MATERIAL FOR THIS TASK:
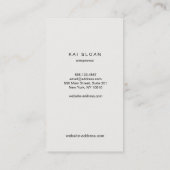 Cool Retro Mod Silver Circles Patroon Visitekaartje (Achterkant)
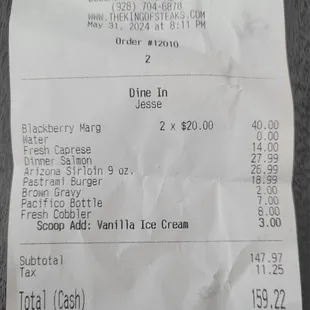 $5.00 up charge to use a cc, not cool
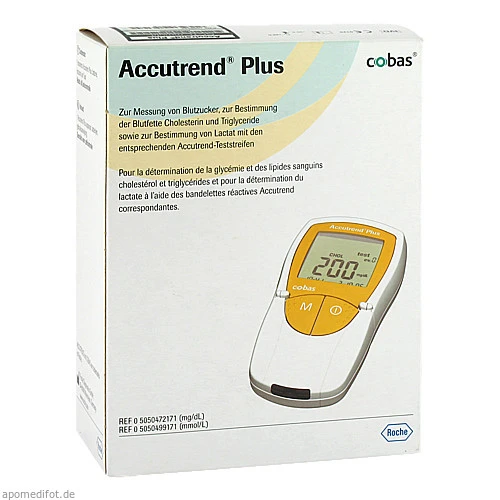 Accutrend Plus mmol/dl, 1 ST, Roche Diagnostics Deutschland GmbH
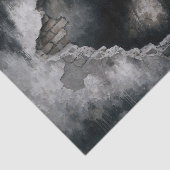 Woman Revealed in Crumbling Wall Decoupage Tissuepapier (Detail)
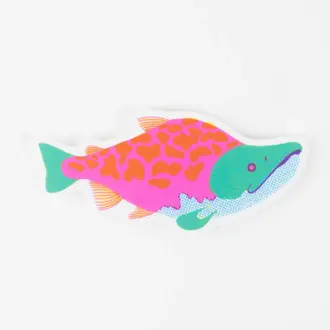 Porchlight Press Porchlight Sticker - Vibrant Salmon
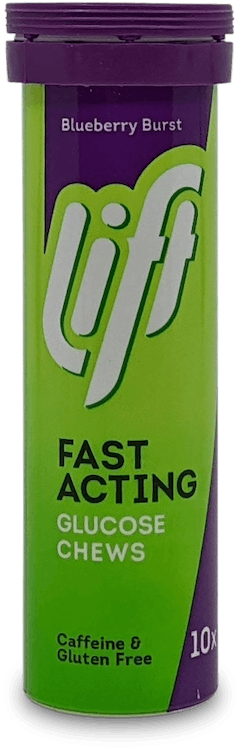Lift Fast Acting Glucose Chews Tube Blueberry 10 Pack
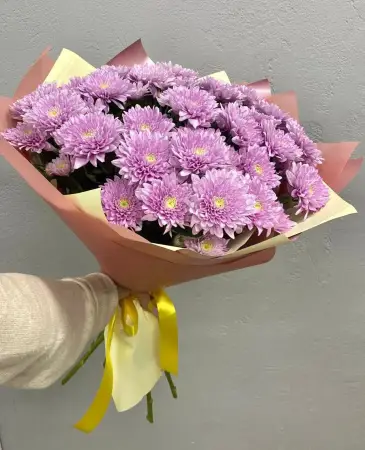 Букет кустовых хризантем Сиреневое облачко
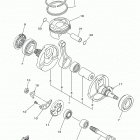 YFZ450 YFZ45DB/YFZ45DW Коленчатый вал и Поршень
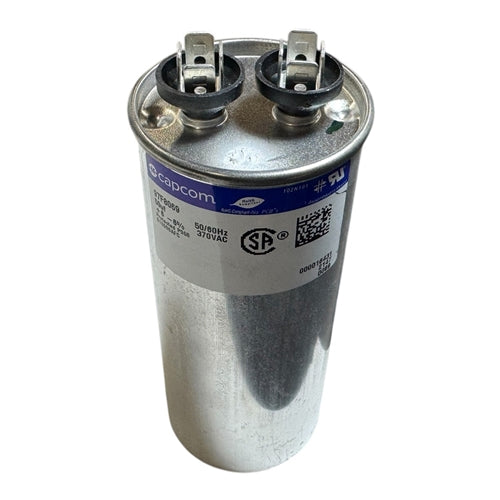 Capcom Genteq 97F8069 Motor Run Capacitor 50uF 370VAC Round ** Rated for Continuous/100% Duty Cycle **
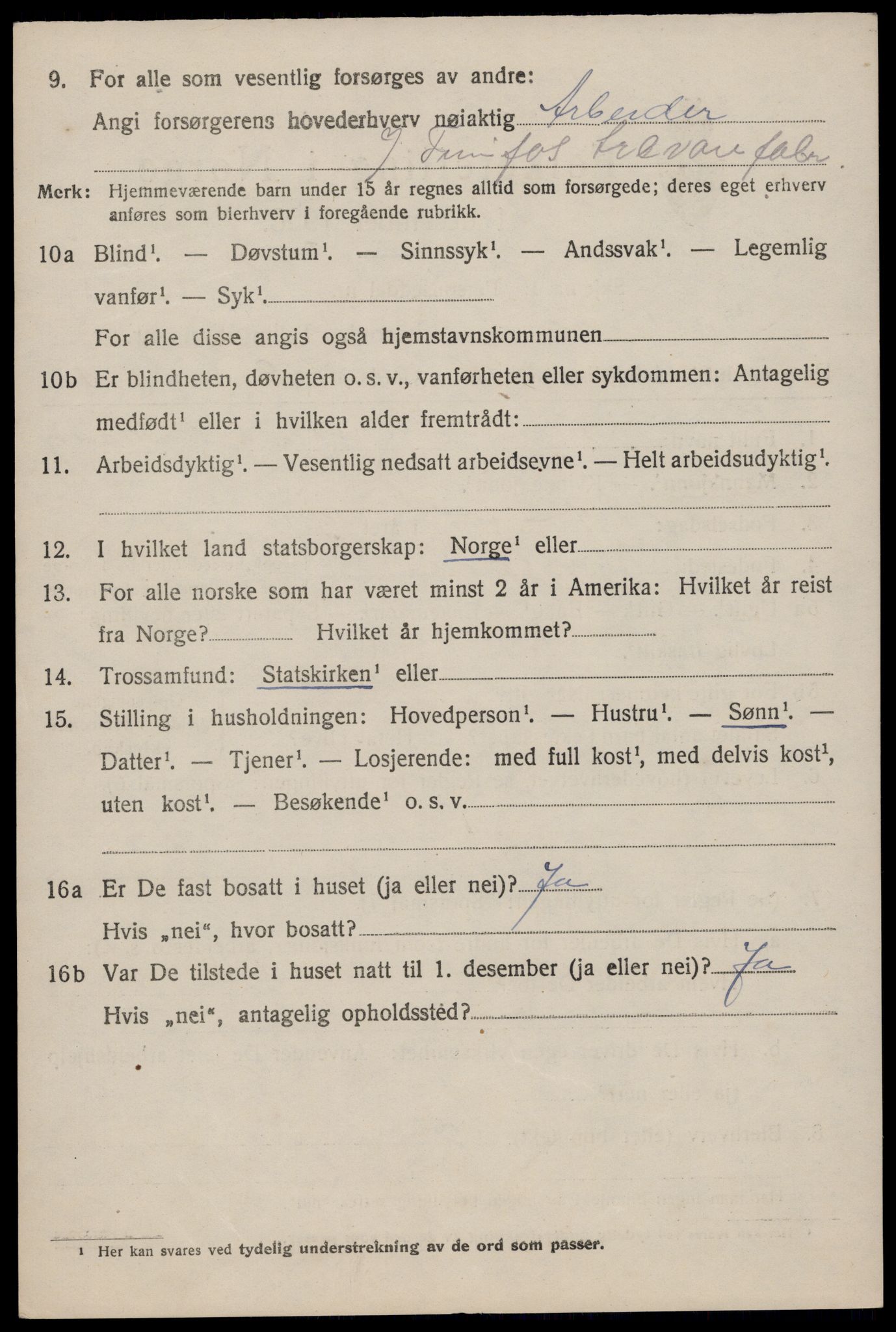 SAKO, 1920 census for Hjartdal, 1920, p. 4007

EXERCISE: Please give back all the records above word for word, with no pictures included.

REPLY:
 Cool Retro Mod Silver Circles Patroon Visitekaartje (Achterkant)
 $5.00 up charge to use a cc, not cool
 Accutrend Plus mmol/dl, 1 ST, Roche Diagnostics Deutschland GmbH
 Woman Revealed in Crumbling Wall Decoupage Tissuepapier (Detail)
 Porchlight Press Porchlight Sticker - Vibrant Salmon
Lift Fast Acting Glucose Chews Tube Blueberry 10 Pack
 Букет кустовых хризантем Сиреневое облачко
 YFZ450 YFZ45DB/YFZ45DW Коленчатый вал и Поршень
 Capcom Genteq 97F8069 Motor Run Capacitor 50uF 370VAC Round ** Rated for Continuous/100% Duty Cycle **
 SAKO, 1920 census for Hjartdal, 1920, p. 4007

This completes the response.